ひとまず、自室へ戻る前にグニラ・オレーンの部屋へ強制的に乱入し、手早くミーシャ・デュ・シテリンへと戻る。当初、私を部屋から追い出そうとギャーギャーしていた彼女の顔が、見る見るうちに青くなってしまったが……。
まあ、うん、仕方がない。
「これ、ここだけの話にしてよ? パトリックが知ってることも内密に!」
「は、はいっ! お許し下さいお許し下さいお許し下さいお許し下さい――」
彼女は土下座せんばかりの勢いで念仏のように、謝罪の言葉を口にする。
知らなかったとは言え、公爵令嬢の髪を切っていたのだから……彼女の胸中は推して知るべし。
しかし、一言言わせてもらえれば……相手が誰でも普通に良くないことだよ?
そんなことばかりしていると、私のように――――――処刑されてしまうよ。
「あの、なぜ、そのような真似をなさっているのですか? それに……殿下から逃げているのはなぜですか?」
純粋に不思議そうな顔で、グニラ・オレーンは問いかけてくる。
説明のしようがない。
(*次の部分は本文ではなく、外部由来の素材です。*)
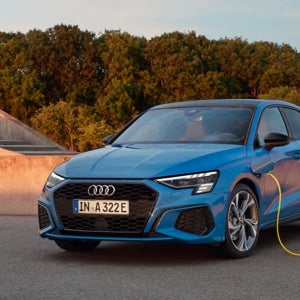 A blue Audi car is parked on a rooftop, charging with a yellow cable. The background features lush green trees under a clear sky at sunset.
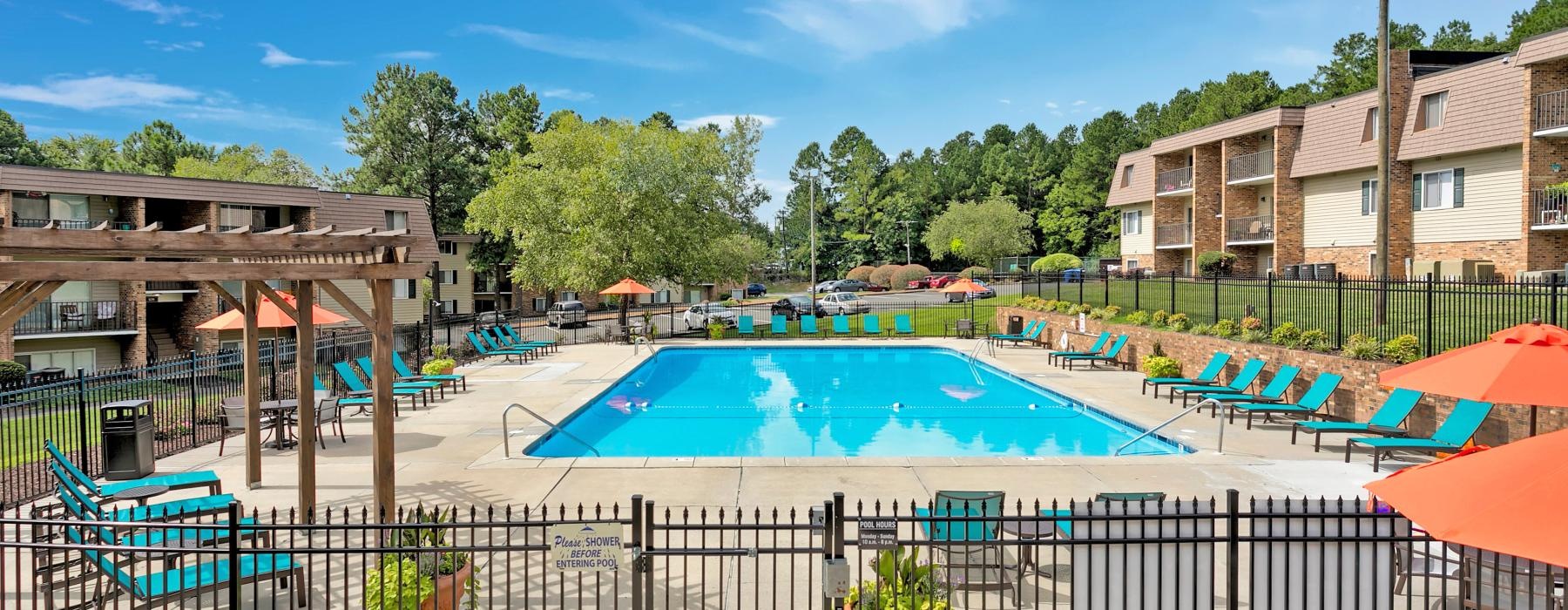 a swimming pool with chairs around it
処刑になるほどの大罪人だから、クリストフ殿下には運命の恋人がいることを知っているから――そんなこと、だれが理解できる?
パトリック以外、この世界でだれがそれを理解できるというのだ。
◇◆◇ ◇◆◇
成績優秀者としてこの学園を卒業する気はない。
でも必要最低限は、ミーシャ・デュ・シテリンとして授業に出席している。
家族が暴走しては困るからだ。私が王立学園へ入学してすぐ、兄二人が町屋敷に常駐するようになったと手紙が来た。「なにかあったら連絡しろ」と言い、その実こちらを監視するためにいるのだということも分かっていた。
私は今現在、諸々の事象を穏便に解決しようと努力中なのだ!
『ミーシャ無能化計画』により、家人も私とクリストフ殿下との婚約については、後ろ向きに考えてくれるようになった。問題は王家側だ。
これから先、クリストフ殿下がマリー・トーマンと恋仲になり、私との婚約が邪魔になった時、どうするつもりなんだろう? 私を冤罪で処刑したとしても、それはそれで構わない。元より罪人。今更『冤罪だ!』と叫ぶつもりはない。
問題は、王家がその矛を――――――マリー・トーマンに向けた場合だ。
それはダメ。それだけはダメ。
……やはり、二人を結びつけるためには悪役令嬢が必要なのか。
懸念事項が解決しないまま、入学式から二ヶ月が経過していた。
マリー・トーマンとクリストフ殿下との仲に、目立った進展はない。
前回私が彼女の事を耳に入れるようになったのは、後期の授業が始まってすぐの頃だ。彼女は成績優秀で……そうだ、確か前期の修了試験の結果がトップ十に入ったんだ! 私はトップ三にランクインしていた。ちなみに、裏工作はしていない。
「君はこの間の……」
――なんで、この人はまたこんなところにいる?!
目の前には、クリストフ殿下がいた……!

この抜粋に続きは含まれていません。